PROBLEM TO SOLVE: When a line in the entries contains the word "Foil", copy that line in full.

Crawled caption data
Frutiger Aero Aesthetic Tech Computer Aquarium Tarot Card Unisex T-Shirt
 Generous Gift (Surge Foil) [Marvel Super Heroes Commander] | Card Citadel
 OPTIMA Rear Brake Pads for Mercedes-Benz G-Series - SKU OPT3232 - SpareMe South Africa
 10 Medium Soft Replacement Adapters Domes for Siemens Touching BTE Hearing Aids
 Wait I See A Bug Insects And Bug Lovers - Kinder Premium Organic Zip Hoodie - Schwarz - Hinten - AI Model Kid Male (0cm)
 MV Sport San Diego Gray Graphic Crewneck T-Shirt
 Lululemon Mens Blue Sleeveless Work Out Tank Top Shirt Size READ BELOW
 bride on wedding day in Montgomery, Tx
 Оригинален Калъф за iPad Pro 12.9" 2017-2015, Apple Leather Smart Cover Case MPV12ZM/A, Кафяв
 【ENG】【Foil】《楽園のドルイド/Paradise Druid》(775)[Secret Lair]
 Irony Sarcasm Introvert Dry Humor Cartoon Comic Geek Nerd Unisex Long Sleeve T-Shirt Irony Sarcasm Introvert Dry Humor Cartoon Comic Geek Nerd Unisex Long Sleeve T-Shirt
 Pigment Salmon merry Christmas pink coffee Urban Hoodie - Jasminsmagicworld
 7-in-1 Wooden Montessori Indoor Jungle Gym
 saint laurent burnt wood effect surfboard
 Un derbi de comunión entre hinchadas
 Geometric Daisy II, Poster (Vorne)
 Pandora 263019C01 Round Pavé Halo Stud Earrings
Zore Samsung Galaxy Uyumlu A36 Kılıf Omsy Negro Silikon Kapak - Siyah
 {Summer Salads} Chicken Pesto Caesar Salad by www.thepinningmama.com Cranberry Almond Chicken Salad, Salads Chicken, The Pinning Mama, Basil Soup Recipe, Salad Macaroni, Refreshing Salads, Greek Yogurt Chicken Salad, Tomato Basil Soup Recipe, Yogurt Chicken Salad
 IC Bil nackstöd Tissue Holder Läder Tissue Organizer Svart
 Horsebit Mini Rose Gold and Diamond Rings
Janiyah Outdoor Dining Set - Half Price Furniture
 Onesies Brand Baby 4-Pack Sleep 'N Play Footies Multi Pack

RESULT BELOW:
 Generous Gift (Surge Foil) [Marvel Super Heroes Commander] | Card Citadel
 【ENG】【Foil】《楽園のドルイド/Paradise Druid》(775)[Secret Lair]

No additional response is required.